There was the harsh sound of a cheap mobile phone ringing. Lentz scowled and pulled it from her pocket.

"That's my phone!" Tom said.

"Did you do that?"

"Make it ring? No. Can I do that?"

"Then who has the number?"

"Only one person." Tom grabbed it from her and answered. "Kate?"

There was a pause, then a man's voice. "She's here."

Tom swallowed. "Marron."

"Excellent. I hate having to explain myself. Is Ms Lentz with you?"

"If you've hurt Kate I'll--"

"Ms Turner is fine. Mostly. Although you'll be flattered to hear she really didn't want to give up your contact details. Now, listen closely--"

Tom clenched his jaw. "How do I know you even have her?"

"I'd send you a video link but this phone is pre-industrial revolution. How about you have a very quick word."

There was a pause then a hoarse voice spoke, "Tom, just run. He won't hurt me"

Marron's voice spoke again, "I will actually, but for now she's fine. Come to CERUS Tower and she'll stay that way."

"So you can kill us both?"

"I have no intention of killing
you
, Tom. I want to help you. But I have every intention of killing your friend if you don't comply."

"I know what you did to me," Tom said. "Why would I ever trust you?"

There was a pause. "I'm sure Lentz has explained what she thinks this is about, but what she doesn't know is that you are in grave danger. The item in your head has proven unstable and we need to help you before it's too late."

"I suspect your definition of help and mine are somewhat different. I'll take my chances."

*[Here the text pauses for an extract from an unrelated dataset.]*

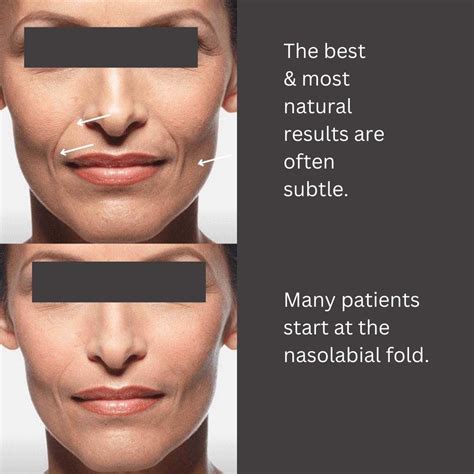 Best Nasolabial Fold Treatments In Australia | Dr Davin Lim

"I hope for Kate's sake you rethink that position. You have twenty-four hours. Come alone. If I even smell Lentz..." The phone clicked off.
 

Lentz looked at him. "We have to go. He's probably traced the call."

"It doesn't matter."

"Why?"

"Because he doesn't need to come here. I'm going to him."

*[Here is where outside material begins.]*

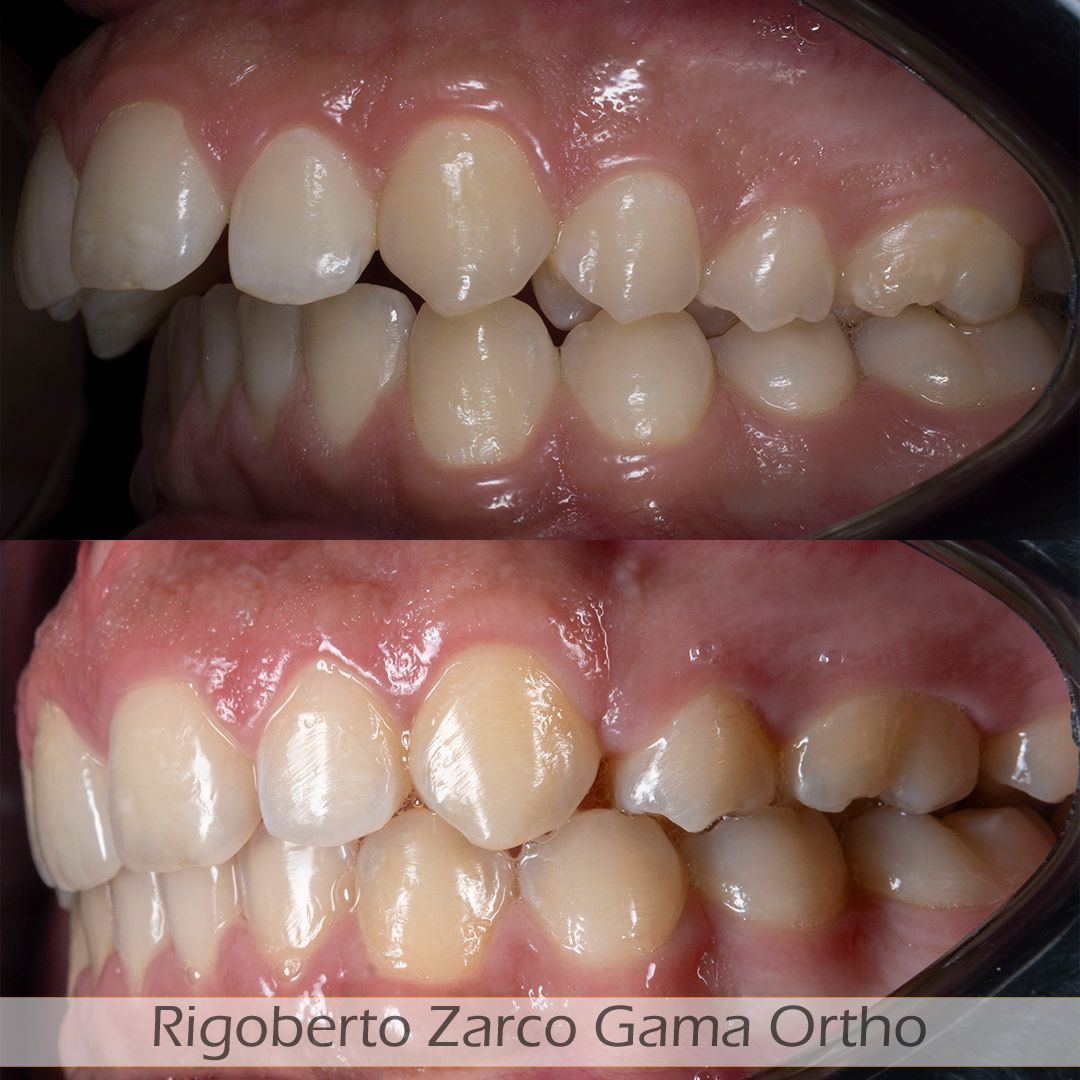 Rigoberto  Zarco Gama-4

Lentz put a hand on his shoulder. "Tom--"

"I'm going to rescue Kate. I'm going to stop him."

Lentz shook her head. "You're not thinking clearly. Kate made her own decision to get involved. In a few weeks, months, who knows what you'll be able to do. But now? What do you really think you can accomplish? "

He returned her look, his eyes hard. "I'm going to break into one of the most modern secure buildings in the world, protected by an army of security guards, save my friend and, if the opportunity presents, exact retribution on the people who experimented on me. Any questions?"

EIGHTY

THE WHITE VAN GLIDED UP the approach road to CERUS Tower watched by fifty pairs of eyes and twice as many cameras. It slowed as it approached the security barrier. Inside the glass front doors of the main building, Alex and a team of eight security guards crouched, waiting. She tapped her radio earpiece as she peered through a set of high-powered binoculars. "It's the vehicle he told us to expect. I see one figure inside. Can't make out the face, but it's his height and build."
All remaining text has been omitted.